== Dataset ==
--

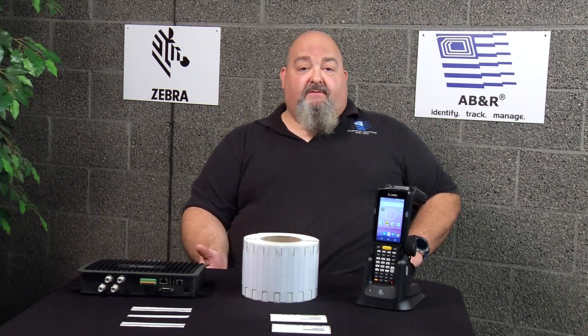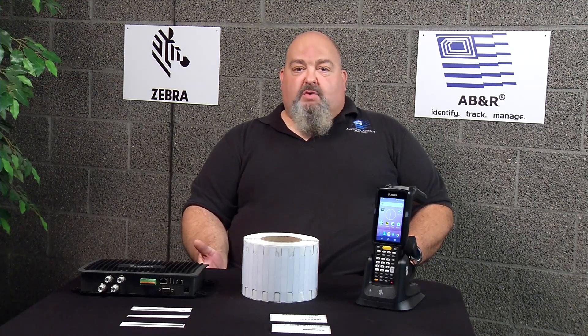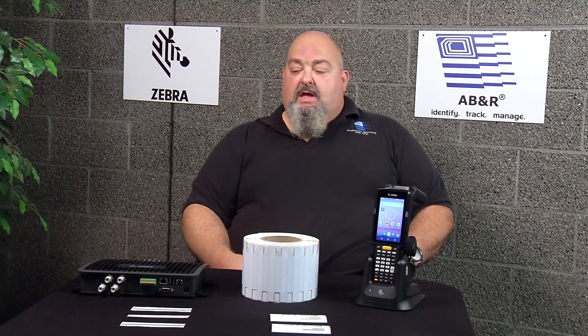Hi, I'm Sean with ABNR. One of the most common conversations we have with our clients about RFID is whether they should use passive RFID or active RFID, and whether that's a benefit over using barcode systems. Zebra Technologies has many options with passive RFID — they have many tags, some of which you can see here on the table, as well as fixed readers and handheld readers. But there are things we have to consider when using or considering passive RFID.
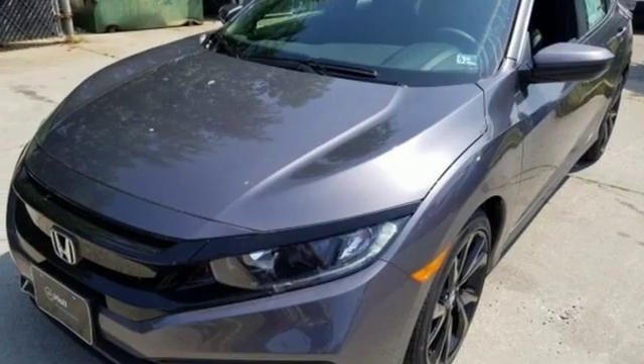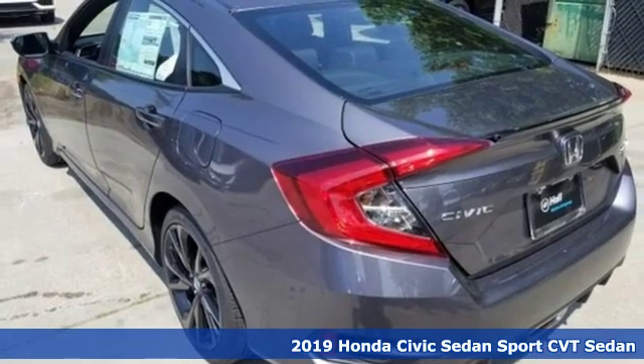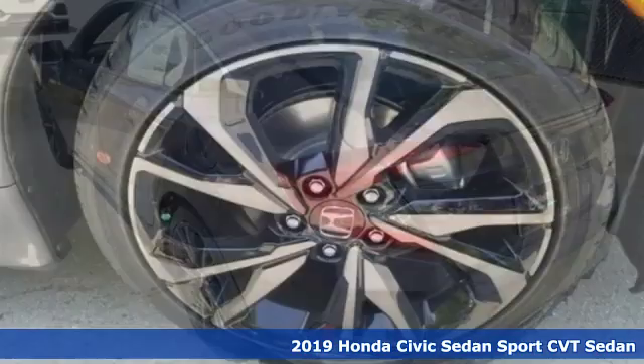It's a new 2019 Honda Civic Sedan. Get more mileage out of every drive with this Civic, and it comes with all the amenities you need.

--

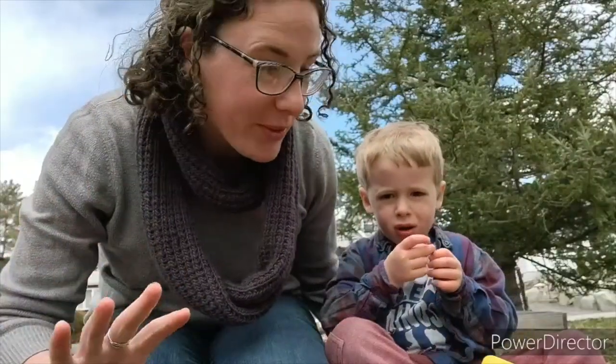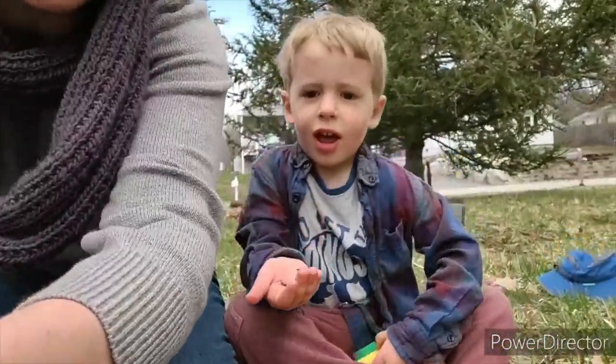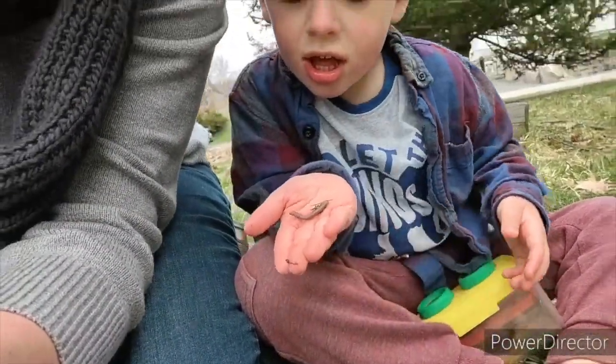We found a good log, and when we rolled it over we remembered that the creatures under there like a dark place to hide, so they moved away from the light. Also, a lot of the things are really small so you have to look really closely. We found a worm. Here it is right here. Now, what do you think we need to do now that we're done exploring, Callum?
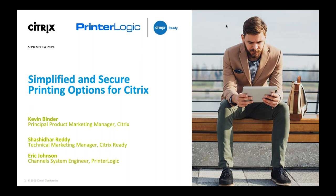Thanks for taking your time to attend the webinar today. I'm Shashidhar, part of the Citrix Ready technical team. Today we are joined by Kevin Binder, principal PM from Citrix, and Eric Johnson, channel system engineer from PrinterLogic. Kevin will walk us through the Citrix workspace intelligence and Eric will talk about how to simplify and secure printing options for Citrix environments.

--

== Problem statement ==
Respond with the exact lines above running from the one containing "Hi, I'm Sean" to the one containing "It's a new 2019", both ends kept and no pictures included.

== Response to the exercise ==
Hi, I'm Sean with ABNR. One of the most common conversations we have with our clients about RFID is whether they should use passive RFID or active RFID, and whether that's a benefit over using barcode systems. Zebra Technologies has many options with passive RFID — they have many tags, some of which you can see here on the table, as well as fixed readers and handheld readers. But there are things we have to consider when using or considering passive RFID.
It's a new 2019 Honda Civic Sedan. Get more mileage out of every drive with this Civic, and it comes with all the amenities you need.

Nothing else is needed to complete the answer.